User-agent: * Disallow: /
This will ensure that all search engine bots will be blocked from indexing your CDN content.
Allowing (for example) Googlebot Images
Please note that when you enable Block Crawlers option then none of your CDN URLs will be indexed by search engine bots. In particular if you use CDN for your images then your images will not be indexed by image search engine bots. In most cases it is nothing you should be worried about but if you need to allow (for example) Googlebot Images to index your CDN images then please follow these steps.
Introduction
We are going to update your web server configuration for www.mycompany.com to respond with different robots.txt to CDN requests than to non-CDN requests.
Create a CDN robots.txt file
Create a /DocumentRoot/robots-cdn.txt with the following content.

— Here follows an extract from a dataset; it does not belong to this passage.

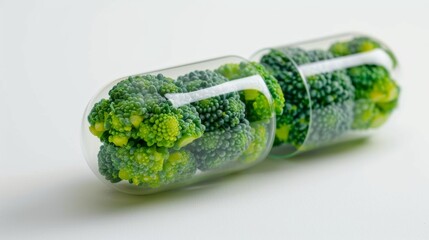 A conceptual image showing broccoli inside a transparent capsule, possibly symbolizing health supplements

User-agent: * Disallow: / User-agent: Googlebot-Image Allow: /
Update configuration on your origin server
On the Services/Settings page you can find your Service Identifier, it is of the format NUMBER.r.cdnsun.net, you will need that NUMBER in this step. Add the following to your web server configuration for www.mycompany.com.
Apache virtual host
RewriteEngine On SetEnvIf X-Resource "NUMBER" IS_CDNSUN_REQUEST="yes" RewriteCond %{ENV:IS_CDNSUN_REQUEST} "yes" RewriteRule "/robots.txt" "/robots-cdn.txt" [L]
Apache .htaccess
RewriteEngine On SetEnvIf X-Resource "NUMBER" IS_CDNSUN_REQUEST="yes" RewriteCond %{ENV:IS_CDNSUN_REQUEST} "yes" RewriteRule "robots.txt" "robots-cdn.txt" [L]
Nginx
location = "/robots.txt" { if ($http_x_resource = "NUMBER") { rewrite "/robots.txt" "/robots-cdn.txt" break; } }
Please replace NUMBER with the CDN service number obtained from its Service Identifier.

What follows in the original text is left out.